Residents of Scituate, Massachusetts have been faced with some water quality concerns recently with the public water supply, mostly related to manganese. The Scituate Water Division is responsible for the operation and maintenance of the water treatment plant, six water wells, two booster stations, two water storage tanks, four corrosion control stations, three surface water supplies, 300 acres of watershed, 124 miles of water distribution system, 754 fire hydrants and 7690 water meters! Having received numerous calls about these issues, this write-up is intended to shed a little more light on what is going on without getting too deep into the chemistry.
CAUSES & SOLUTIONS
As Scituate’s population swells during the summer months from approximately 18,000 people to about 30,000, the water color has been turning a brownish color to the dismay of Scituate homeowners, for decades. The main culprit is the manganese level in the water both from the natural occurrence in the water supply and some very old piping in the distribution system. While the town is working on a very expensive pipe replacement project, there is no guarantee that this will fully resolve the issue. See the following link for a past newspaper article on this topic Newspaper article
DISCOLORATION & STAINING
Discoloration and staining can be caused by many things in the water supply. In Scituate, the source has been determined to be elevated levels of manganese, a mineral common in Massachusetts water supplies. Aging pipes can accumulate this mineral on its surfaces over time and release various amounts in the water supply as pH and temperature levels change. In addition to this, natural levels exist in the water which will also make its way throughout the water distribution system. The aesthetics associated with bathing or drinking water that resemble the color of tea is an unappealing choice. Laundry can also become discolored from high levels of manganese.

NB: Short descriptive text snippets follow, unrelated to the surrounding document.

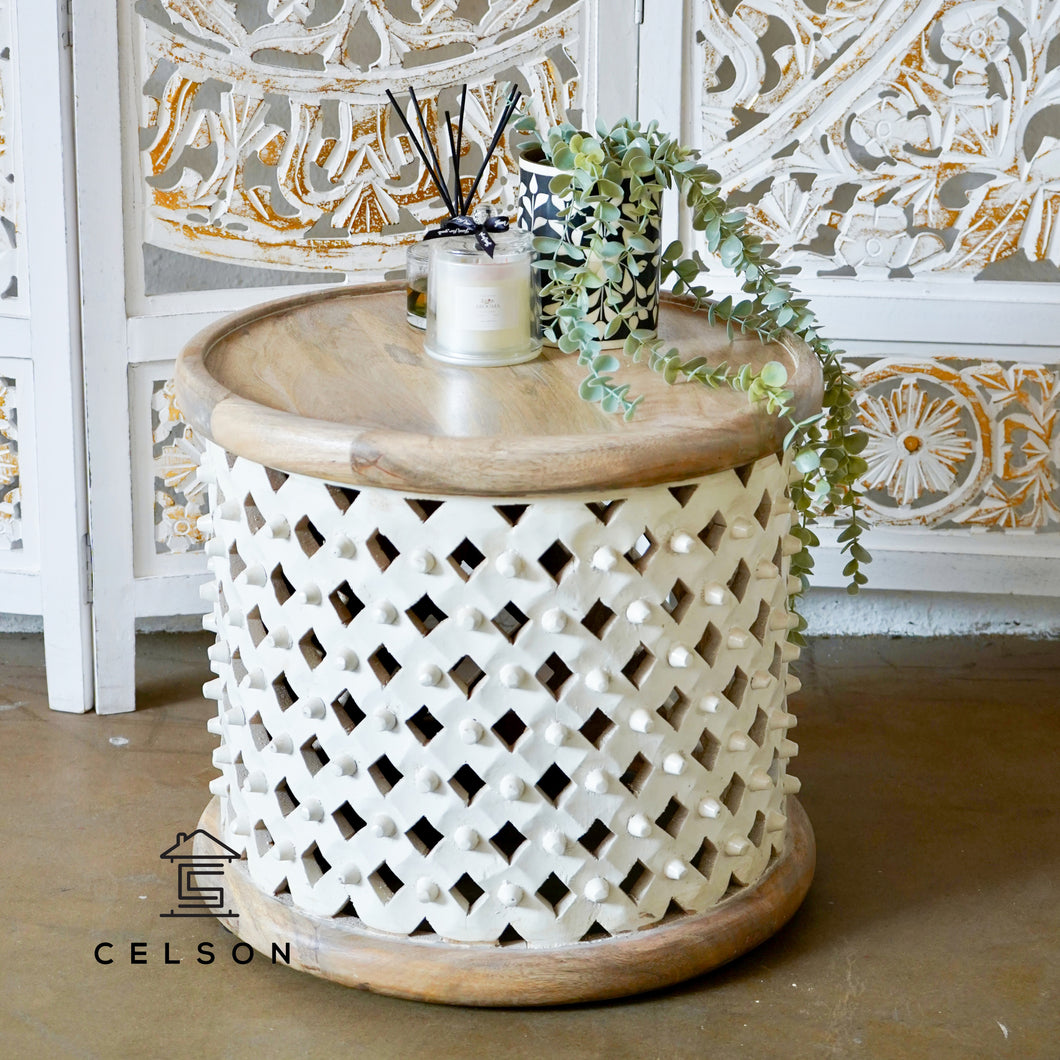 Claire_ Solid Mango Wood Hand Carved Jali Side Table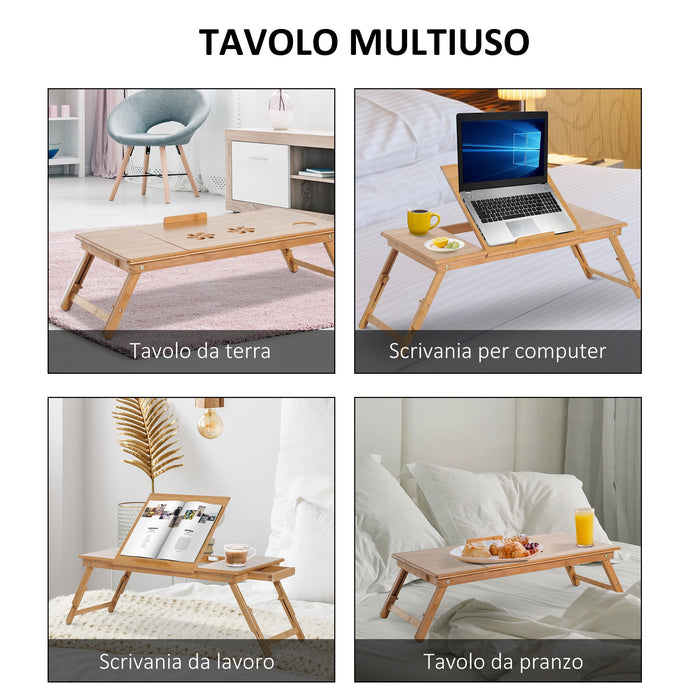 Tavolino da Letto per PC Pieghevole e Inclinabile con Cassetto 72x35x22-30  Colore Legno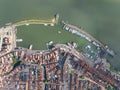Volendam, Netherlands. Top down overview of traditional dutch fishing village city traditional buildings and harbor Royalty Free Stock Photo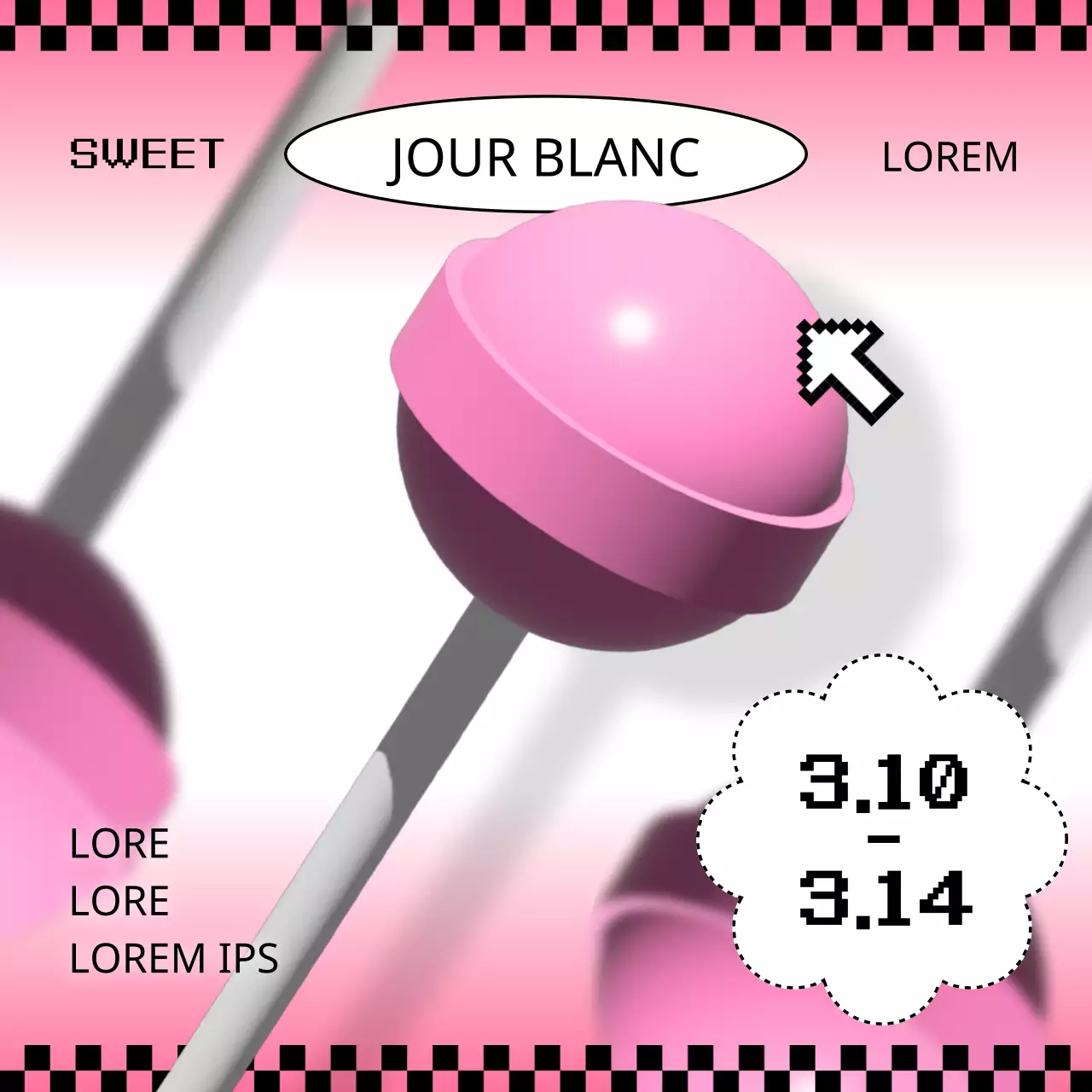 Promouvoir une journée blanche kitsch en rose et noir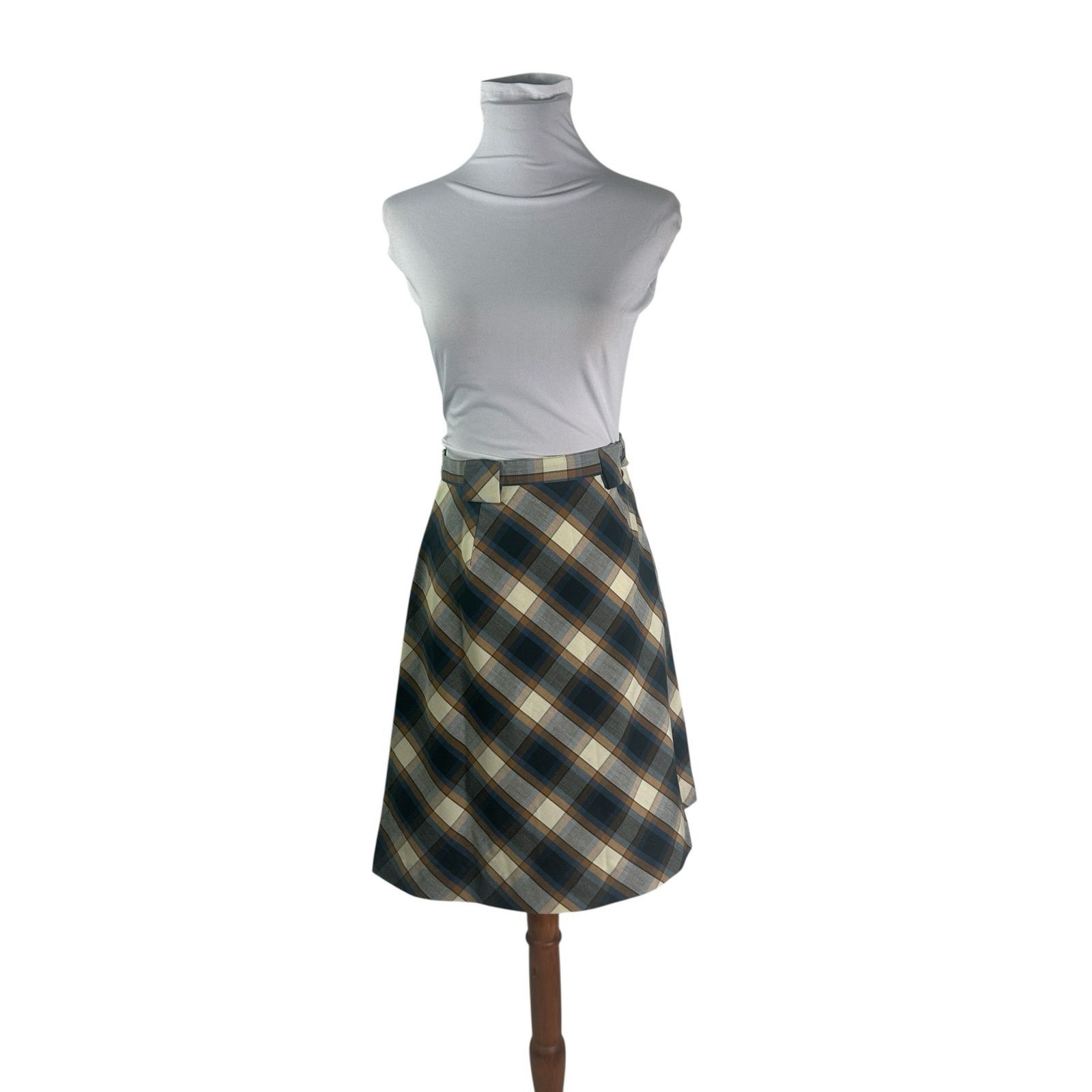 Vintage Vintage 1970s Summit of Boston Plaid Prep Mini Skirt XS Size 24" / US 00 / IT 34 - 2 Thumbnail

SOLUTION: Manganese can be removed with sediment filtration and water softening (Ion Exchange) technology. Particulate manganese and iron will be removed with the proper sediment water filtration while dissolved manganese can be removed with a water softener. For more information on manganese, see the link to the Water Technology Magazine article at: Article on Manganese in Water
In summary, proper water filtration or water softening systems are very effective in removing manganese from water, regardless of the concentration level determined through testing. The result is clear, clean water.